On 6/11/2016 8:54 PM, Andrew Haley wrote:
> On 05/11/16 18:43, David Holmes wrote:
>> Forking new discussion from:
>>
>> RFR(M): 8154736: enhancement of cmpxchg and copy_to_survivor for ppc64
>>
>> On 1/11/2016 7:44 PM, Andrew Haley wrote:
>>> On 31/10/16 21:30, David Holmes wrote:
>>>>
>>>>
>>>> On 31/10/2016 7:32 PM, Andrew Haley wrote:
>>>>> On 30/10/16 21:26, David Holmes wrote:
>>>>>> On 31/10/2016 4:36 AM, Andrew Haley wrote:
>>>>
>>>>    // All of the atomic operations that imply a read-modify-write
>>>>    // action guarantee a two-way memory barrier across that
>>>>    // operation. Historically these semantics reflect the strength
>>>>    // of atomic operations that are provided on SPARC/X86. We assume
>>>>    // that strength is necessary unless we can prove that a weaker
>>>>    // form is sufficiently safe.
>>>
>>> Mmmm, but that doesn't say anything about a CAS that fails.  But fair
>>> enough, I accept your interpretation.
>>
>> Granted the above was not written with load-linked/store-conditional
>> style implementations in mind; and the historical behaviour on sparc
>> and x86 is not affected by failure of the cas, so it isn't called
>> out. I should fix that.
>>
>>>> But there is some contention as to whether the actual implementations
>>>> obey this completely.
>>>
>>> Linux/AArch64 uses GCC's __sync_val_compare_and_swap, which is specified
>>> as a
>>>
>>>   "full barrier".  That is, no memory operand is moved across the
>>>   operation, either forward or backward.  Further, instructions are
>>>   issued as necessary to prevent the processor from speculating loads
>>>   across the operation and from queuing stores after the operation.
>>>
>>> ... which reads the same as the language you quoted above, but looking
>>> at the assembly code I'm sure that it's really no stronger than a seq
>>> cst load followed by a seq cst store.
>>
>> Are you saying that a seq_cst load followed by a seq_cst store is weaker
>> than a full barrier?
>
> Probably.  I'm saying that when someone says "full barrier" they
> aren't exactly clear what that means.  I know what sequential
> consistency is, but not "full barrier" because it's used
> inconsistently.

Agreed it is not a term that has a common definition - it may just 
relate to no-reorderings of any loads or stores, or it may also imply 
visibility guarantees. Though while I know what "sequential consistency" 
is I do not know what exactly it means to implement an operation with 
seq_cst semantics.

> For example, the above says that no memory operand is moved across the
> barrier, but if you have
>
> store_relaxed(a)
> load_seq_cst(b)
> store_seq_cst(c)
> load_relaxed(d)
>
> there's nothing to prevent
>
> load_seq_cst(b)
> load_relaxed(d)
> store_relaxed(a)
> store_seq_cst(c)
>
> It is true that neither store a nor load d have moved across this
> operation, but they have exchanged places.  As far as GCC is concerned
> this is a correct implementation, and it does meet the requirement of
> sequential consistency as defined in the C++ memory model.

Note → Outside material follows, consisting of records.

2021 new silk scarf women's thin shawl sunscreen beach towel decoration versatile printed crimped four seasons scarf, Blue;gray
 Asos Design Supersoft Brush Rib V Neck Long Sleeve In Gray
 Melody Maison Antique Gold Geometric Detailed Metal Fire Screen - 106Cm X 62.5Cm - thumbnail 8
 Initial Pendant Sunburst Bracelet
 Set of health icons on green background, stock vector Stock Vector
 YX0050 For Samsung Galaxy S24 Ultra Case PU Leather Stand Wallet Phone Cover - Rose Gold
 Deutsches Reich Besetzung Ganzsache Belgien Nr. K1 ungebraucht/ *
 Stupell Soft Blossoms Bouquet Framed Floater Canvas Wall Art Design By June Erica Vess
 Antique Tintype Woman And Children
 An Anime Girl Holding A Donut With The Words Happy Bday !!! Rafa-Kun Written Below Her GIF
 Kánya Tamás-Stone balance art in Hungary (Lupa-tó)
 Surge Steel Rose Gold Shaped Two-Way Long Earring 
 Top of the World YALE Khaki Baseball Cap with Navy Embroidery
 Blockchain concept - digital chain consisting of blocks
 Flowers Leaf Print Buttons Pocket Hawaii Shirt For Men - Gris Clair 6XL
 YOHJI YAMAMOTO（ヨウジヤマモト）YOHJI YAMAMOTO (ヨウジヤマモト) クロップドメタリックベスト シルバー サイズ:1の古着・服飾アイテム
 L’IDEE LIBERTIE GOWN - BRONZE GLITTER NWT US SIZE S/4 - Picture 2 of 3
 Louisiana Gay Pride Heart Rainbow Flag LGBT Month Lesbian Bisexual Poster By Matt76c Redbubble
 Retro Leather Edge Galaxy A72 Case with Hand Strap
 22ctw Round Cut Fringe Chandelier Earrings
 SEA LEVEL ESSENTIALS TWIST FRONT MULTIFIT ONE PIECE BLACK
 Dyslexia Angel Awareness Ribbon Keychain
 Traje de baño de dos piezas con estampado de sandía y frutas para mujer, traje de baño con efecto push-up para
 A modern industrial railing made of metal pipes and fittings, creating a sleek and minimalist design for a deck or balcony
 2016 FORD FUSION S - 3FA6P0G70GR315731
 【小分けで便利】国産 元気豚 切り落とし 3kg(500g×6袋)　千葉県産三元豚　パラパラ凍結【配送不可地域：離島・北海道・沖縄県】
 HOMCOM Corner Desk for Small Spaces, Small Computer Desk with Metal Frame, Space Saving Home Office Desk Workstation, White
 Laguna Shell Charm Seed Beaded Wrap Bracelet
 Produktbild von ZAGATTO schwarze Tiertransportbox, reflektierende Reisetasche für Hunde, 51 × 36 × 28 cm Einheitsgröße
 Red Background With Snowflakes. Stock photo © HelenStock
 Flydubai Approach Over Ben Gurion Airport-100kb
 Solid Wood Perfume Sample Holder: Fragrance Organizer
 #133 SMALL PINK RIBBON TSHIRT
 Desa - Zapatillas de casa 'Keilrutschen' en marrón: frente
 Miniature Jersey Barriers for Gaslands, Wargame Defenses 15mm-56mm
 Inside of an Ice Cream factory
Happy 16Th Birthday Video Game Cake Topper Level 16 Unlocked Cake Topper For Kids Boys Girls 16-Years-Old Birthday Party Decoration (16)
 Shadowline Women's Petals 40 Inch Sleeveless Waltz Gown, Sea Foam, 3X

It does? Then it emphasises what I just said about not knowing what it 
means to implement an operation with seq_cst semantics. I would have 
expected full ordering of all loads and stores to get "sequential 
consistency".

>>> I guess maybe I could give up fighting this and implement all AArch64
>>> CAS sequences as
>>>
>>>    CAS(seq_cst); full fence
>>>
>>> or, even more extremely,
>>>
>>>    full fence; CAS(relaxed); full fence
>>>
>>> but it all seems unreasonably heavyweight.
>>
>> Indeed. A couple of issues here. If you are thinking in terms of
>> orderAccess::fence() then it needs to guarantee visibility as well as
>> ordering - see this bug I just filed:
>>
>> https://bugs.openjdk.java.net/browse/JDK-8169193
>
> Ouch.  Yes, I agree that something needs fixing.  That comment:
>
> // Use release_store_fence to update values like the thread state,
> // where we don't want the current thread to continue until all our
> // prior memory accesses (including the new thread state) are visible
> // to other threads.
>
> ... seems very unhelpful, at least because a release fence (using
> conventional terminology) does not have that property: a release
> fence is only LoadStore|StoreStore.

In release_store_fence the release and fence are distinct memory 
ordering components. It is not a store combined with a "release fence" 
but a store between a "release" and a "fence". And critically in hotspot 
that "fence" must have visibility guarantees to ensure correctness of 
Dekker-duality algorithms.

Note the equivalence of release() with LoadStore|StoreStore is a 
definition within orderAccess.hpp, it is not a general equivalence.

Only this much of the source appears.